• _Problem requirements_
Using the entries that follow, write out the line containing "Doc McStuffins Throw", the line containing "El presidente francés, Emmanuel", and every line between them, exactly and nothing else.

• _Exercise data_
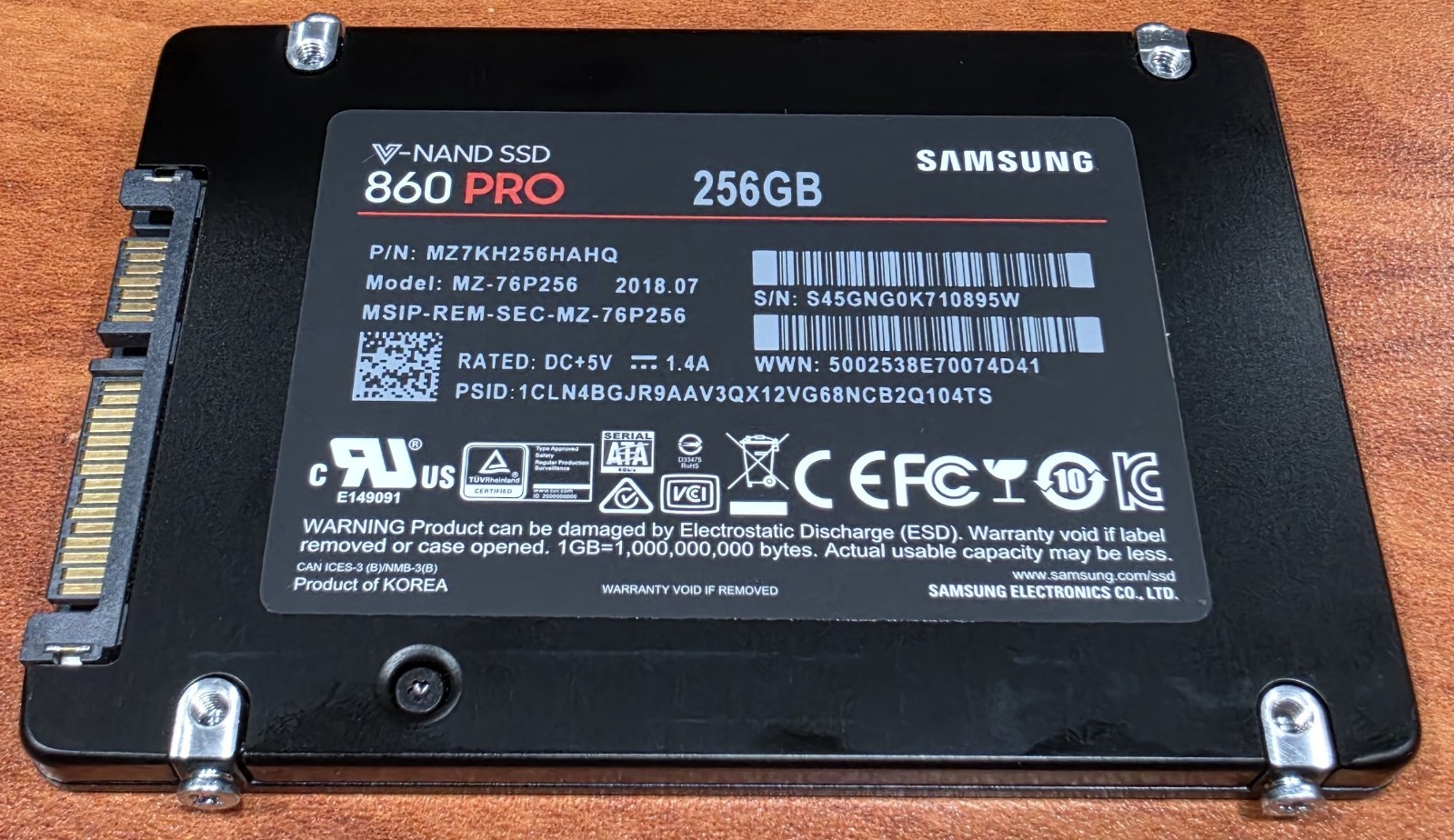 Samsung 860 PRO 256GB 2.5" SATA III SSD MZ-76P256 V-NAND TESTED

---

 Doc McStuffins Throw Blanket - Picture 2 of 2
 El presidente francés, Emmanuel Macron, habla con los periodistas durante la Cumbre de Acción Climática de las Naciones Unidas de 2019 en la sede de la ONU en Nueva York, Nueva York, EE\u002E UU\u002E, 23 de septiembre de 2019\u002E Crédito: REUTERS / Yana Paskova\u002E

--

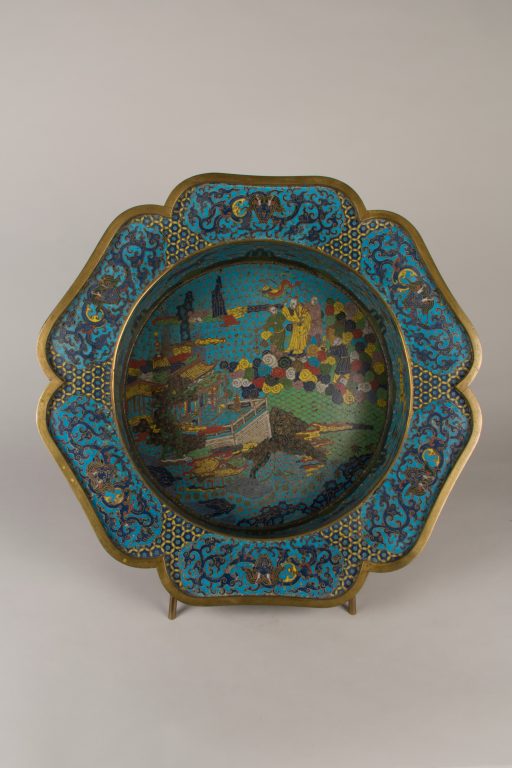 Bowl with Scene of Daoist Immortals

• _Written solution_
 Doc McStuffins Throw Blanket - Picture 2 of 2
 El presidente francés, Emmanuel Macron, habla con los periodistas durante la Cumbre de Acción Climática de las Naciones Unidas de 2019 en la sede de la ONU en Nueva York, Nueva York, EE\u002E UU\u002E, 23 de septiembre de 2019\u002E Crédito: REUTERS / Yana Paskova\u002E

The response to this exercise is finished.